What is required – Restate word for word the entries below, starting at the line with "Vintage Sideboard With" and ending at the line with "Klemmmarkise Markise ohne". Keep both end lines and omit the pictures.
***** Information
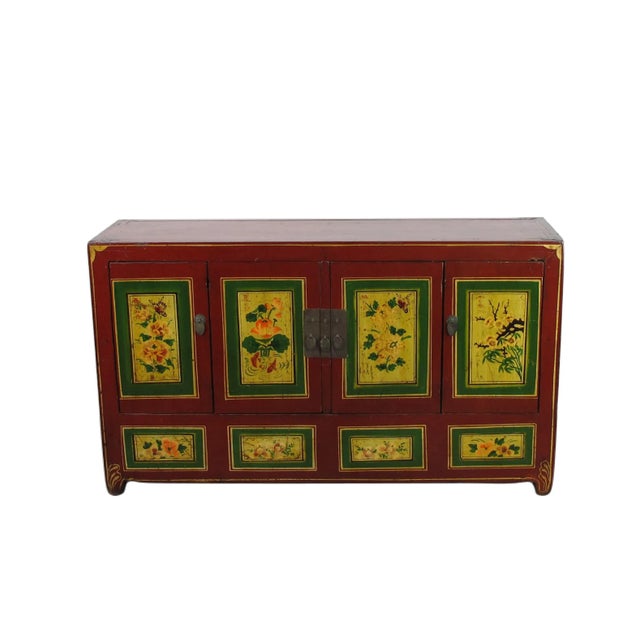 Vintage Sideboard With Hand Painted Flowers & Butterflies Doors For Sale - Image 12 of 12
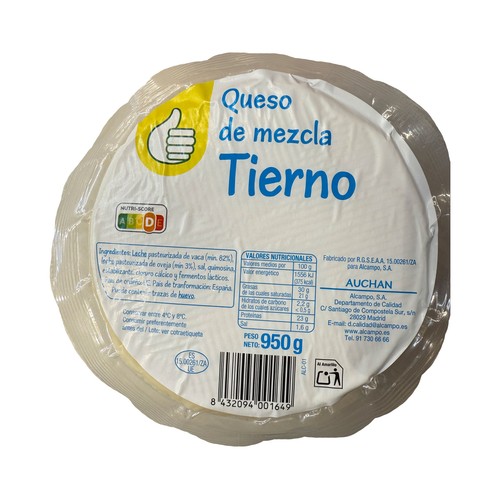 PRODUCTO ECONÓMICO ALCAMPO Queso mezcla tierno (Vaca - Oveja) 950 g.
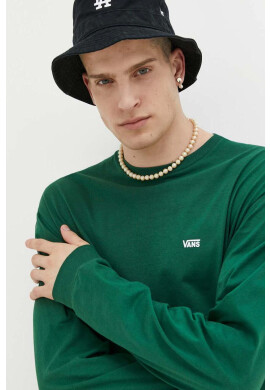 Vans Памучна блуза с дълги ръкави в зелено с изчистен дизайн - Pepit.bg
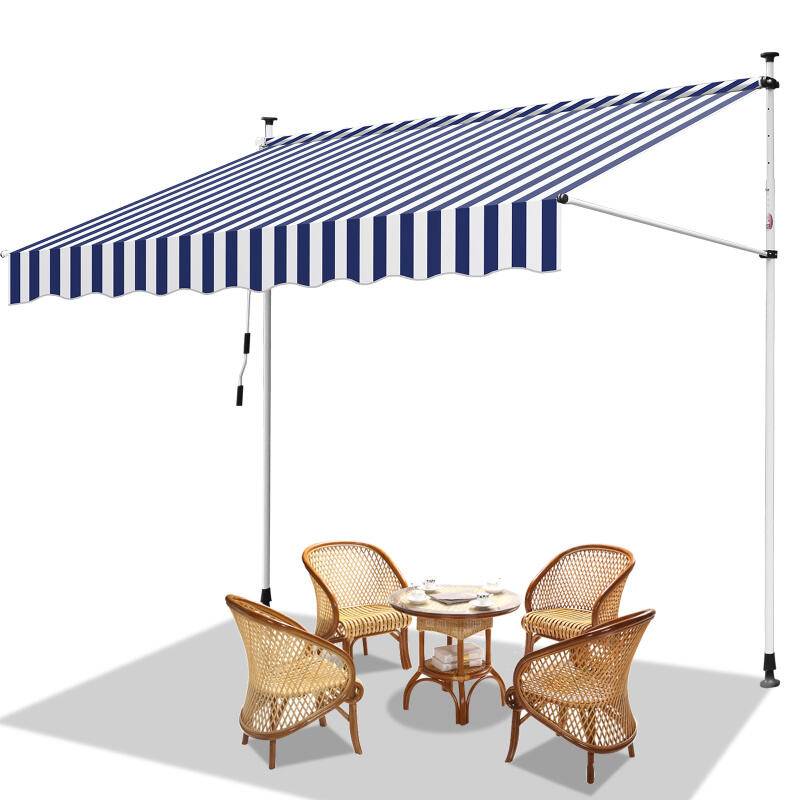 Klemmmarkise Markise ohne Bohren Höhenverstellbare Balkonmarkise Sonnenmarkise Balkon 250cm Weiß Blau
**********
***** Information
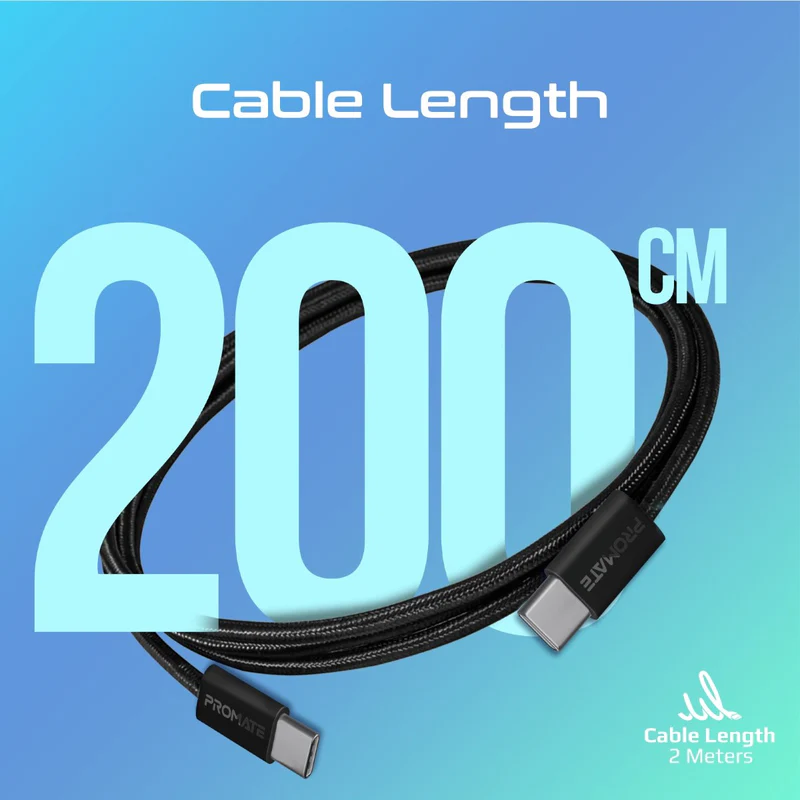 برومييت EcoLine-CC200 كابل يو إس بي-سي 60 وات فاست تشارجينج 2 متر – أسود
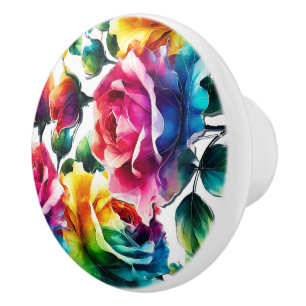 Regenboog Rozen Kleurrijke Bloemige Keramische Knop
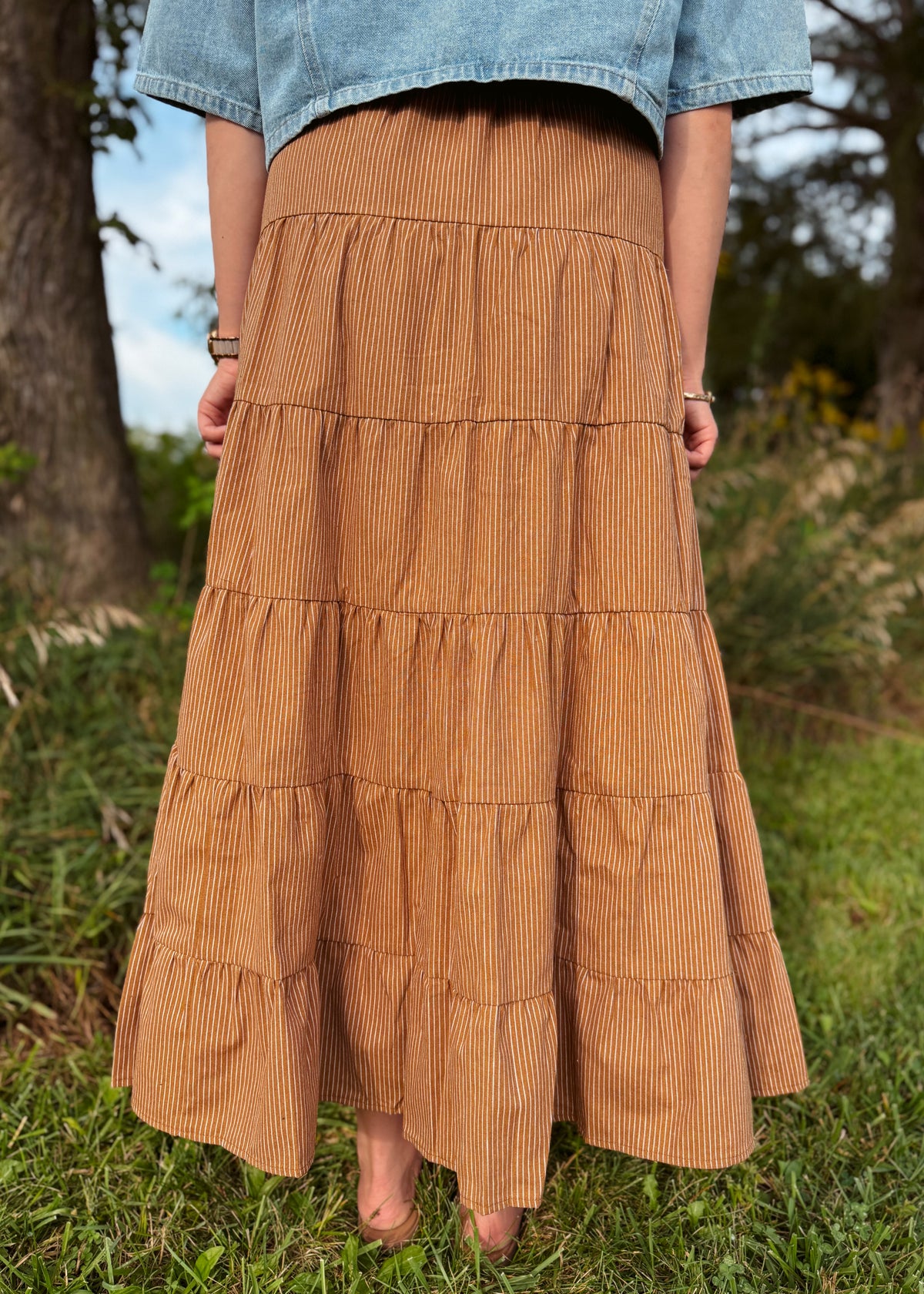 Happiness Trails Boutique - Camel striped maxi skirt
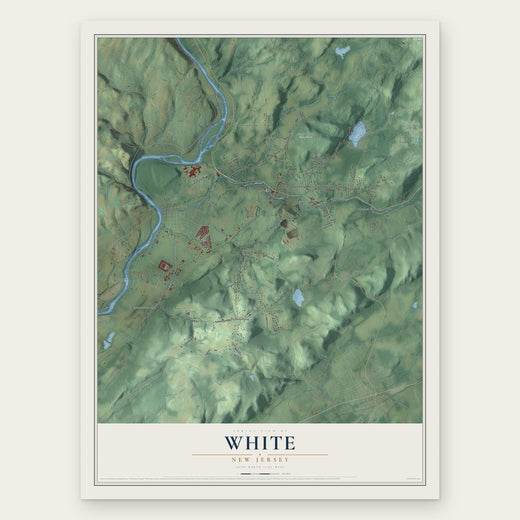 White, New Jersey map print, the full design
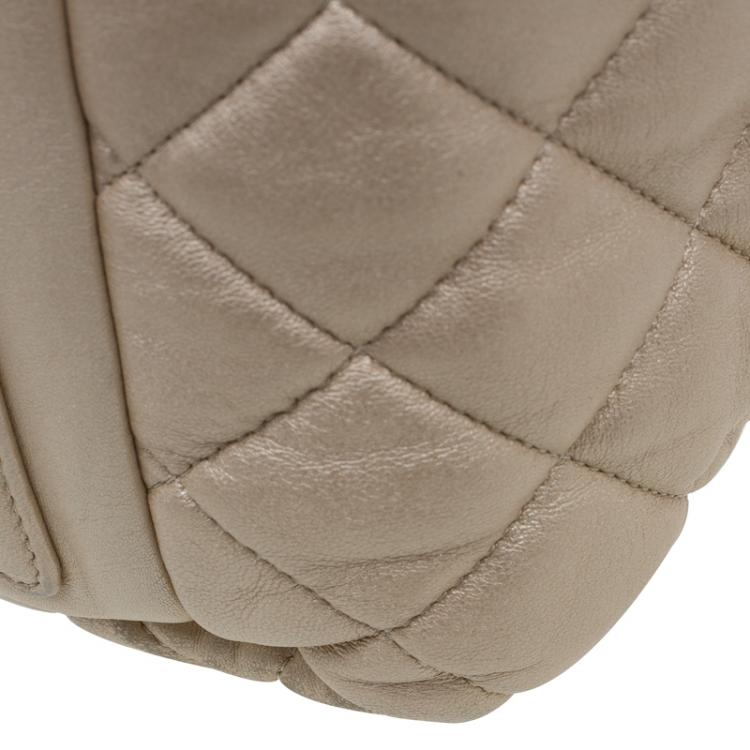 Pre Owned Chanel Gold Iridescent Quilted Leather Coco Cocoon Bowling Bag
**********
Your solution –
 Vintage Sideboard With Hand Painted Flowers & Butterflies Doors For Sale - Image 12 of 12
 PRODUCTO ECONÓMICO ALCAMPO Queso mezcla tierno (Vaca - Oveja) 950 g.
 Vans Памучна блуза с дълги ръкави в зелено с изчистен дизайн - Pepit.bg
 Klemmmarkise Markise ohne Bohren Höhenverstellbare Balkonmarkise Sonnenmarkise Balkon 250cm Weiß Blau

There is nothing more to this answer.